On one level, this seems like another criminal case. The difference is that the sedition law, or Article 116 of the criminal code, has hardly been used in the past, particularly before the coup. Each count carries a maximum prison term of seven years. Police insisted that I am facing terms of seven years for each case, making for a combined maximum sentence of 14 years, despite there being seven allegedly offending posts. We might have to wait and see what the prosecutors and judges think.

Police said they considered the posts in each case to be a continuous violation in terms of the span of time they took place.

The first case involved two Facebook posts and was actually lodged back in February 2016. Somehow police kept it on the back burner for a year and a half, and one wonders why they didn’t pull the trigger back then. The second case, pertaining to five Facebook postings, was filed against me at the end of July.

Let me be clear without going into the minutia of the seven posts that I have seen them all and acknowledge being the sole author of the bilingual messages. None, at least from my understanding, can be earnestly considered seditious. They have failed to point how what information was allegedly false in the second case, so after a four-hour session the week before, I had to return again yesterday for them to finish the reading of the charges.

The grey area where no one really knows what constitutes sedition under military rule makes this a chilling effect and ensures greater self-censorship of anything critical of the junta in social media, however. The hazier the boundaries of what constitutes sedition, the more effective they become in instilling fear.

It may also be baffling that people who criticize the military junta, which usurped and continues to usurp power from the people, are the ones being charged with sedition. Control is more effective when fear is induced by logic-defying situations because one suspends disbelief of the illogical and absurd in Juntaland Thailand any longer. When right is wrong, wrong is right and might is right, rationality no longer gives guidance. We live not under the rule of law but under rule by arbitrary law of the junta. And logic is not necessary. Just obey. In fact, to obey without logically asking why or questioning the legitimacy, or lack thereof, of the military regime, makes control effective. Just obey. Don’t ask what’s wrong with the order imposed upon us.

Question we must, however. We must continue to scrutinize and criticize the military junta, despite the obvious price to be paid, in hope that we can discourage future coup-making wannabes from attempting the same and stop the junta rolling back the little precious freedoms remaining.

Thailand had a dozen “successful” coups in the past eight decades and a half since the end of absolute monarchy in 1932. We should not encourage more. We can discourage more coups by standing firm and defending free expression by exercising it.

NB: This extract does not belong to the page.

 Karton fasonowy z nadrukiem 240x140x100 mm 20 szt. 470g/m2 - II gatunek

Social media has become a new public sphere the junta fears and has failed to completely lock down three years on. It is here on social media where the resistance continues. It is here that we can glimpse the other Thailand, where junta’s propaganda dissolves before critical views of citizens who have refused to surrender themselves and become docile.

I don’t know if my two cases will go to the court. I don’t know what rulings might be handed down if they do.

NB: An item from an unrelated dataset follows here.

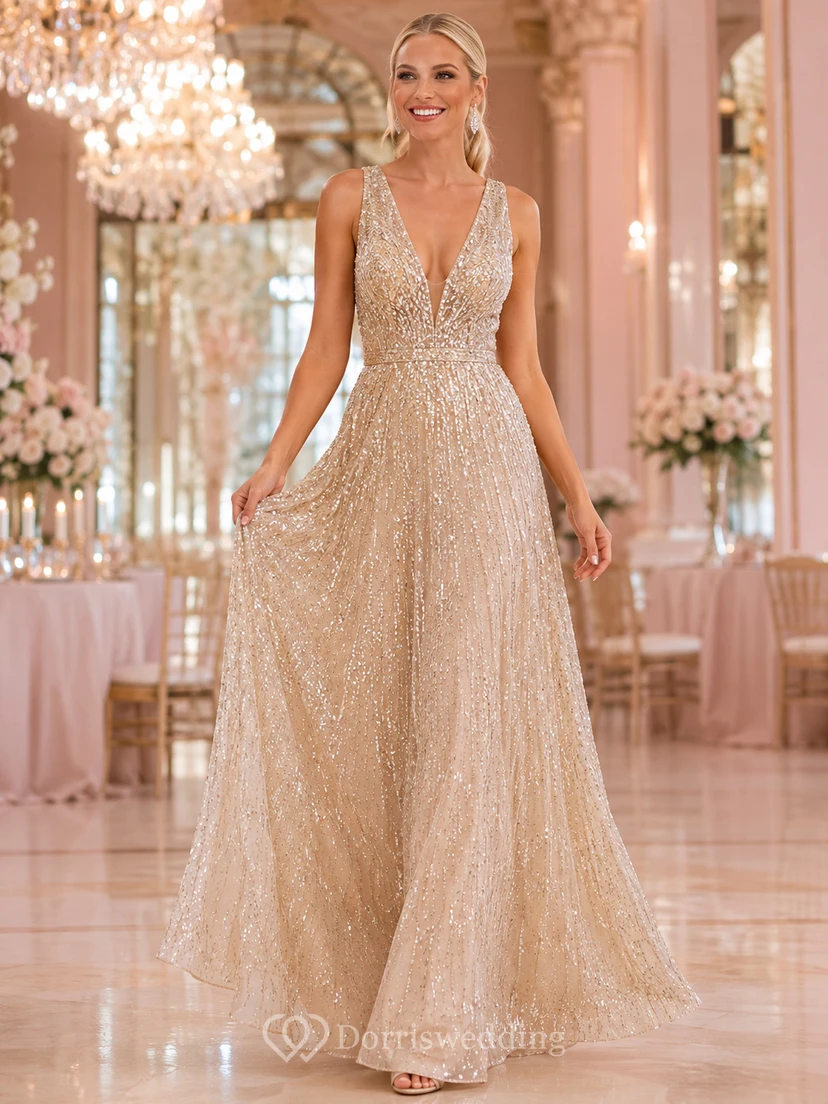 Champagnerfarbenes, paillettenbesetztes und perlenbesetztes A-Linien-Abendkleid mit V-Ausschnitt, perfekt für Prominente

I know that many many years from now, when I and dictator Gen. Prayuth Chan-ocha are no longer alive, history will judge me more kindly, however.

So I take solace in looking at my travails with a very long-term view and let history be the ultimate judge.

Allow me also thank the head of Thai Lawyers for Human Rights, Yaowalak Anuphan, and her team for representing me. I am also grateful to the European Union mission which sent a representative last week along with observers from the embassies of Canada, the United Kingdom, Germany, France, the Netherlands and Sweden. I’d like to thank the US Embassy for sending second secretary Andrew Armstrong to the Friday’s police session.

Thanks also to Kingsley Abbott of the International Commission of Jurists and a representative from iLaw, who were also present. Familiar faces like Dan Fieller from the British Embassy, Shawn Friele of the Canadian mission were reassuring. Statements calling for the regime to drop the charges against me have come from Amnesty International, Reporters Without Borders, the Committee to Protect Journalists, Human Rights Watch and the Southeast Asian Press Alliance. For all this, I am thankful.

It’s a privilege and an honor to defend freedom of expression on social media during the past three years. It is also an honor to be singled out among the select few Thais who have stood up and effectively disturbed the make-believe world of Juntaland Thailand.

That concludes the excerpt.